Exercise description: Give an exact reproduction of the lines from the one with "Tea and coffee" to the final line of the entries below, both ends included, and omit the pictures.

# # # # #

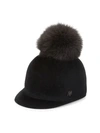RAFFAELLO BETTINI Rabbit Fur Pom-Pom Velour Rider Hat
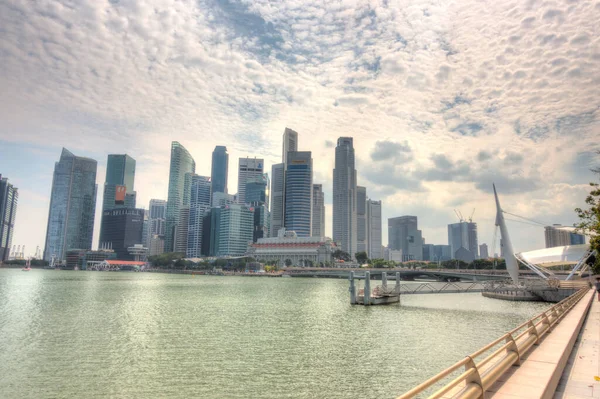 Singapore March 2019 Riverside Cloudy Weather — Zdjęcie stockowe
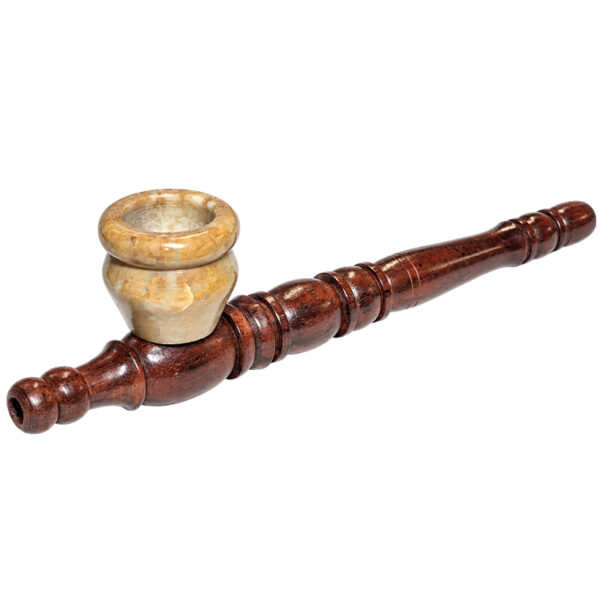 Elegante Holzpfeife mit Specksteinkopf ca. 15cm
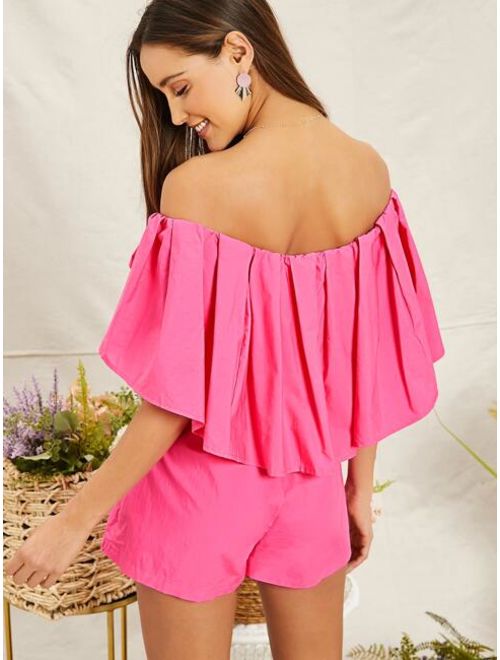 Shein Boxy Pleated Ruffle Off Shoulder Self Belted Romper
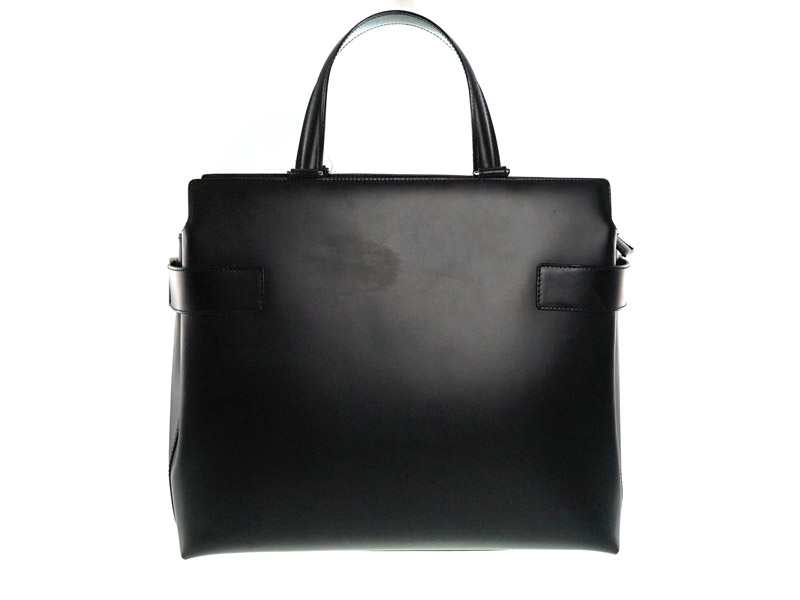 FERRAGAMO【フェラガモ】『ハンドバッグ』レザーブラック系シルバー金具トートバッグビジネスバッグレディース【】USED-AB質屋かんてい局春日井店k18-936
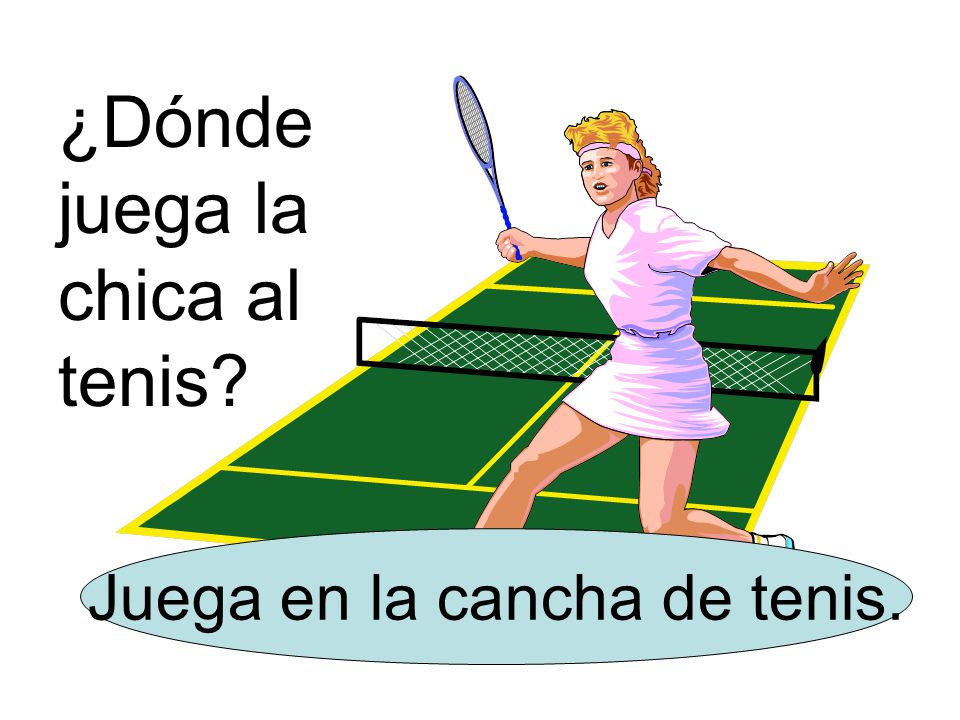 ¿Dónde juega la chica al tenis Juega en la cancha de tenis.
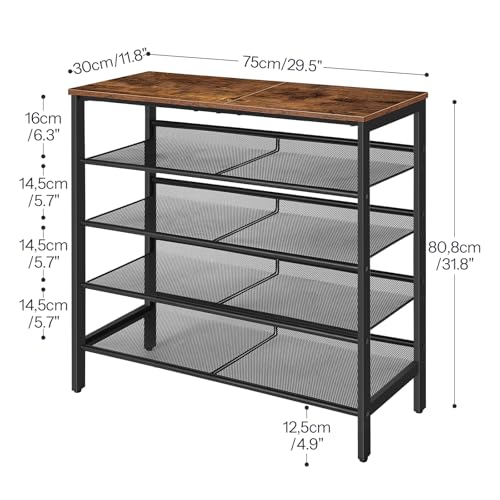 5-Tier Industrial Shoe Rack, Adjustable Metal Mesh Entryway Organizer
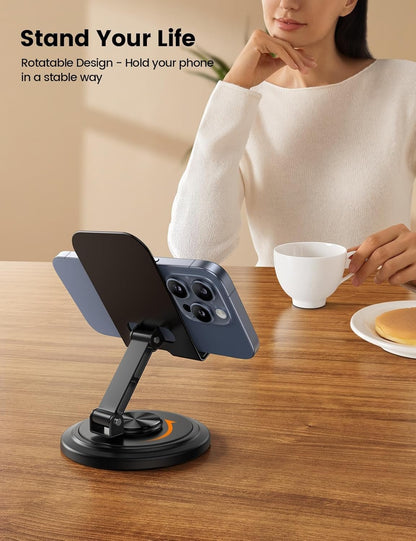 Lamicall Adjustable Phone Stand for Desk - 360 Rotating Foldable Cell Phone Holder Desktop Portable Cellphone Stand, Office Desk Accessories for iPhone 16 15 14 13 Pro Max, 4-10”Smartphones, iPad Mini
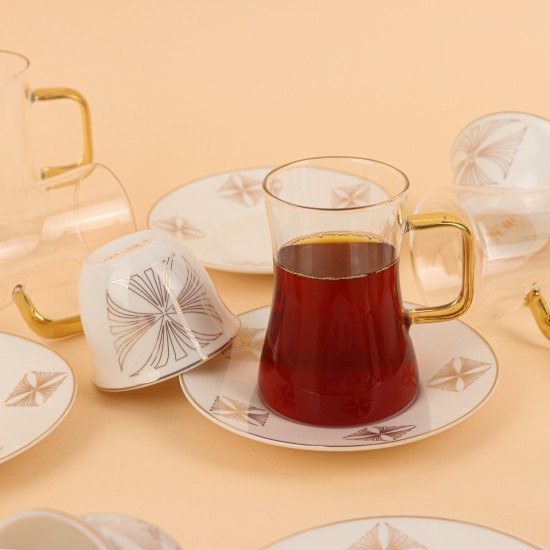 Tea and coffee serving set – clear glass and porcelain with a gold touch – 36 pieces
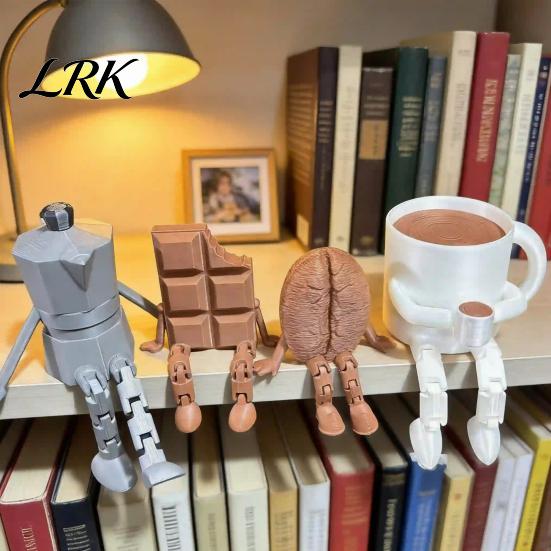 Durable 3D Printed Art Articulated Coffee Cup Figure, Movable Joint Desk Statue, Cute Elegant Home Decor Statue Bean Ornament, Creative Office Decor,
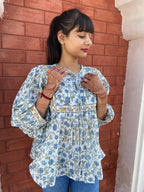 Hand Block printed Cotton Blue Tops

# # # # #

Exercise answer:
 Tea and coffee serving set – clear glass and porcelain with a gold touch – 36 pieces
 Durable 3D Printed Art Articulated Coffee Cup Figure, Movable Joint Desk Statue, Cute Elegant Home Decor Statue Bean Ornament, Creative Office Decor,
 Hand Block printed Cotton Blue Tops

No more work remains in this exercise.